Core Memory is a nice collection of photos by Mark Richards. I believe they come from his book Core Memory: A Visual Survey of Vintage Computers.

CpuFrontPanel.jpg

When I first got into this business in 1981, one of the machines I worked with was a Modcomp Classic. It came new with 512 KB of RAM (twice the RAM of the previous model) and a fast 16-bit CPU that was four RCA 4-bit processors in parallel. It had a front panel somewhat similar to the one above. (I could tell you about the old discrete-component, drum memory GE computer the Modcomp replaced but I don't want to tax your patience too much.)

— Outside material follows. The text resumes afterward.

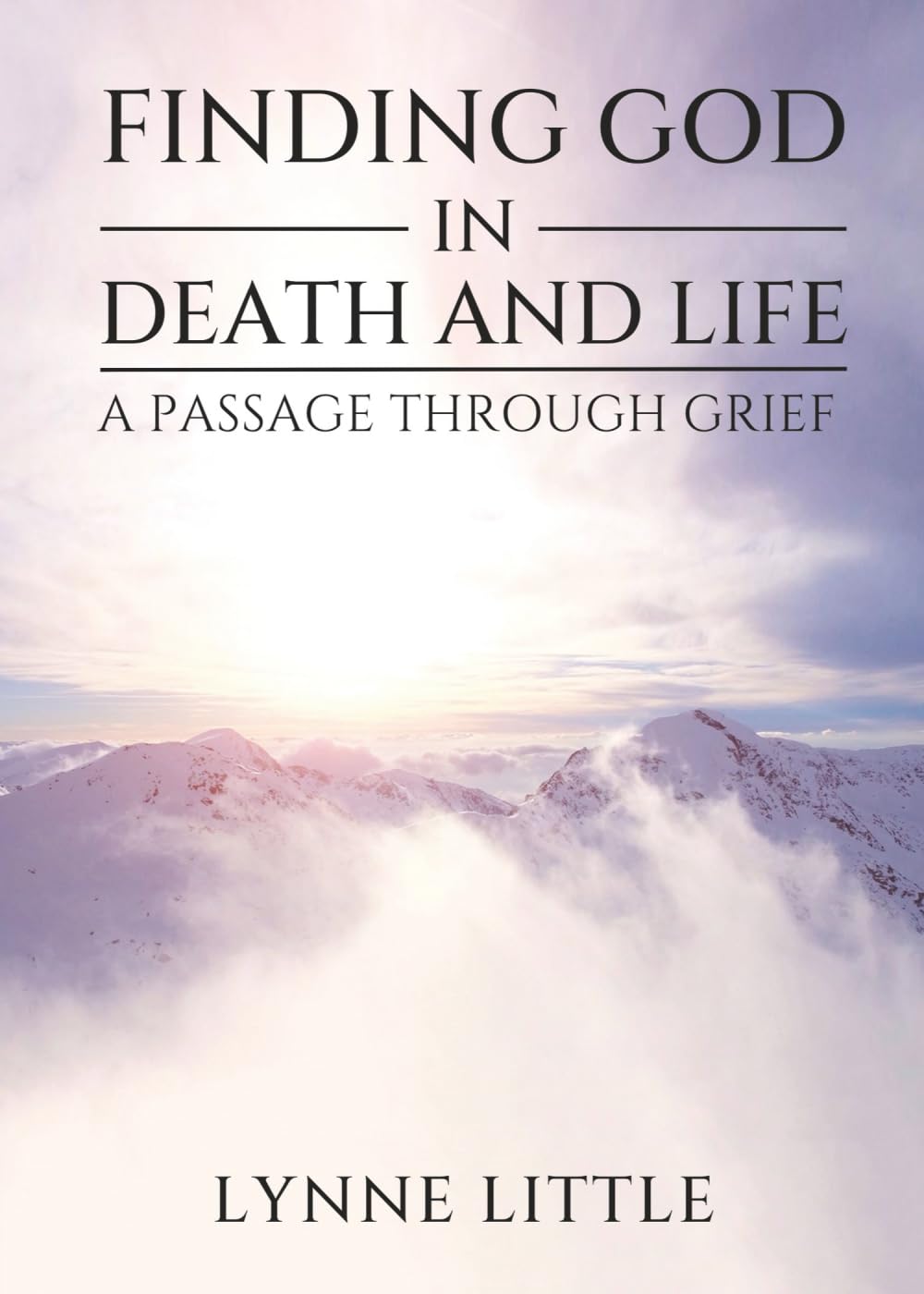 Finding God in Death and Life: A Passage Through Grief Self-help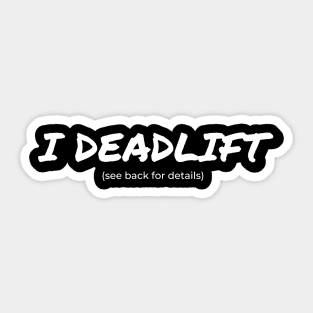 I Deadlift Sticker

To start one of these machines, you entered a simple program (a dozen instructions, say) into memory using the toggle switches on the front panel. Then you started that program running.

The program you toggled in would read the bootstrap loader, stored in ROM, into memory and start that. In turn, the loader would go looking for a boot device - a tape, a hard disk or even a card reader - and load the operating system into memory. As you can guess, this was a fairly slow process. A boot from disk that went quickly probably took about 5 minutes. If you used a tape drive (or a card reader) it took even longer.

We kept the boot instruction sequence written in machine language (hexadecimal) on the backs of punch cards on the inside of the cabinet doors. Those were the days, my friend.